Revealed: Face of First European As Fragments of 35,000-Year-Old Skull Are Made Flesh
Daily Mail Reporter, May 4, 2009
This is the face of the first early European human which has been painstakingly constructed by scientists from bone fragments.
The man or woman–it is still not possible to determine the sex–lived 35,000 years ago in the Carpathian Mountains that today are part of Romania.
Their face was rebuilt in clay based on an incomplete skull and jawbone discovered in a cave where bears hibernated.
Forensic artist Richard Neave made the model based on his measurements of the pieces of bone and his knowledge of how facial tissues sit on the skull.
Forensic Scientist Richard Neave reconstructed the face based on skull fragments from 35,000 years ago
It was created for TV show The Incredible Human Journey about the origins of the human race and evolution, which will be screened on BBC next Sunday.
Anthropologist Alice Roberts will introduce the series and currently has the head sitting on her desk.
‘It’s really quite bizarre. I’m a scientist and objective but I look at that face and think “Gosh, I’m actually looking at the face of somebody from 40,000 years ago” and there’s something weirdly moving about that,’ she told the Independent.
‘Richard creates skulls of much more recent humans and he’s used to looking at differences between populations,’ she added.
‘He said the skull doesn’t actually look European, or Asian, or African. It looks like a mixture of all of them. And you think, well that’s probably what you’d expect of someone who was among the earliest populations to come to Europe.’
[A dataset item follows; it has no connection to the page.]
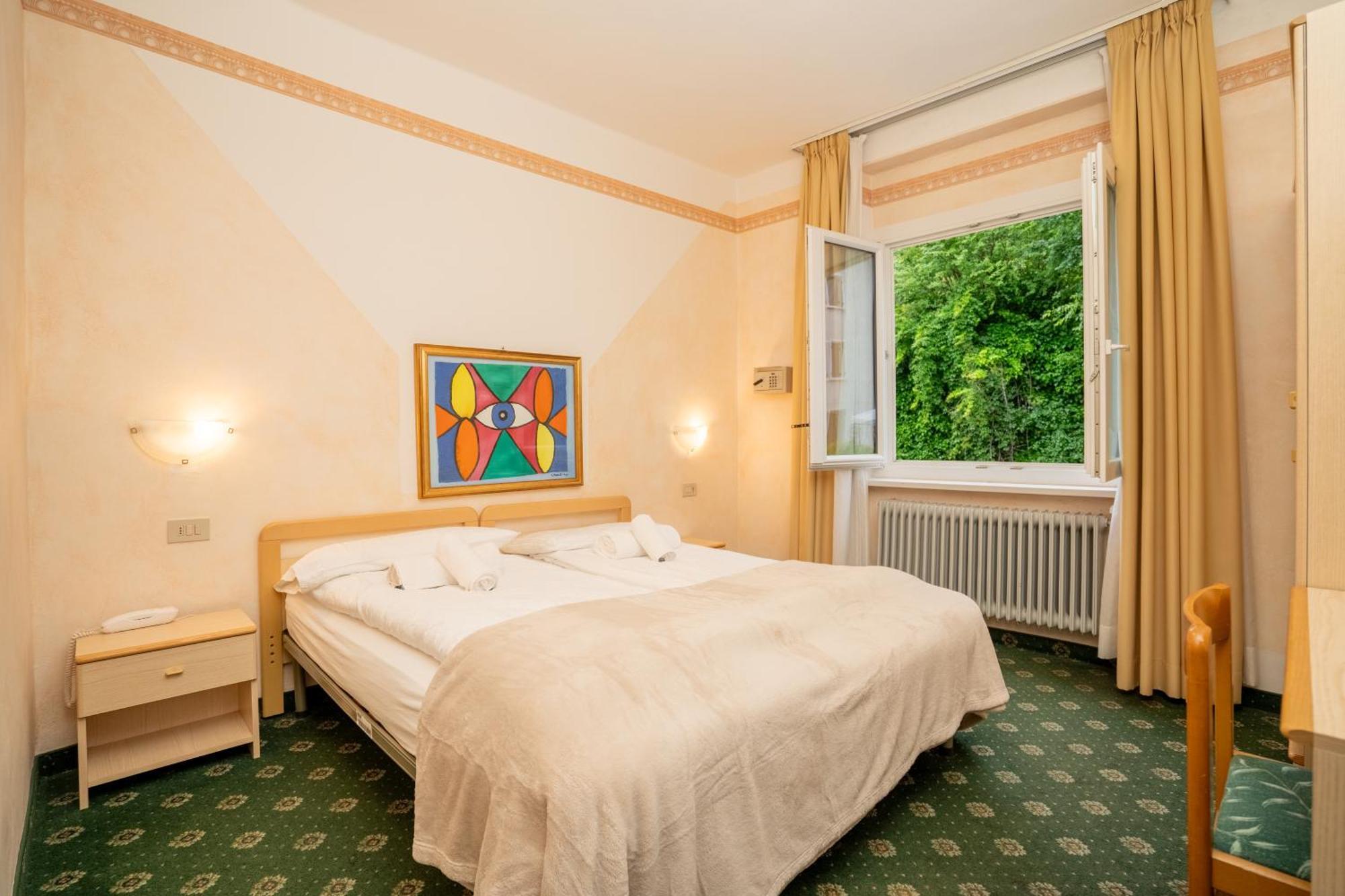 Hotel Europa Molveno Esterno foto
Potholers found the jawbone of what has been dubbed the ‘first modern European’ in 2002 in the south-west of the Carpathian Mountains.
Using radiocarbon analysis, scientists have dated them to between 34,000 and 36,000 years ago.
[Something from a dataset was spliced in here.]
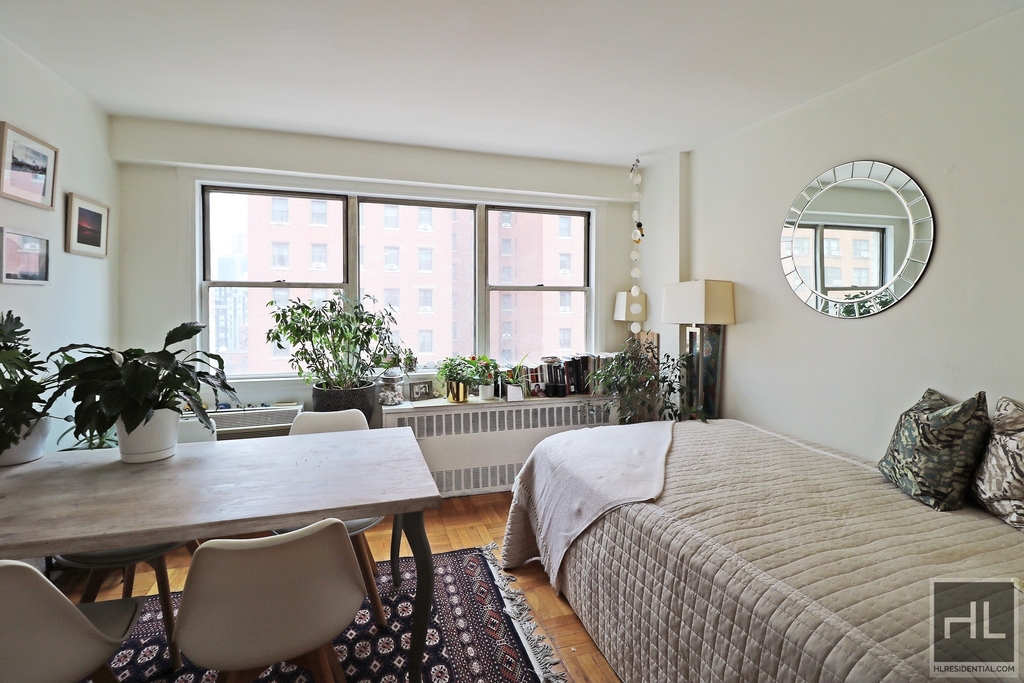 430 West 34 Street - Photo 2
Europe was then occupied by both Neanderthal man, who had by then been in the region for thousands of years, and anatomically-modern humans–Homo sapiens.
Modern humans first arrived in Europe from Africa.
The skull appears very like humans today, although there are some remaining traits including the very large teeth.
Erik Trinkaus from Washington University, Missouri, said: ‘Taken together, the material is the first that securely documents what modern humans looked like when they spread to Europe.’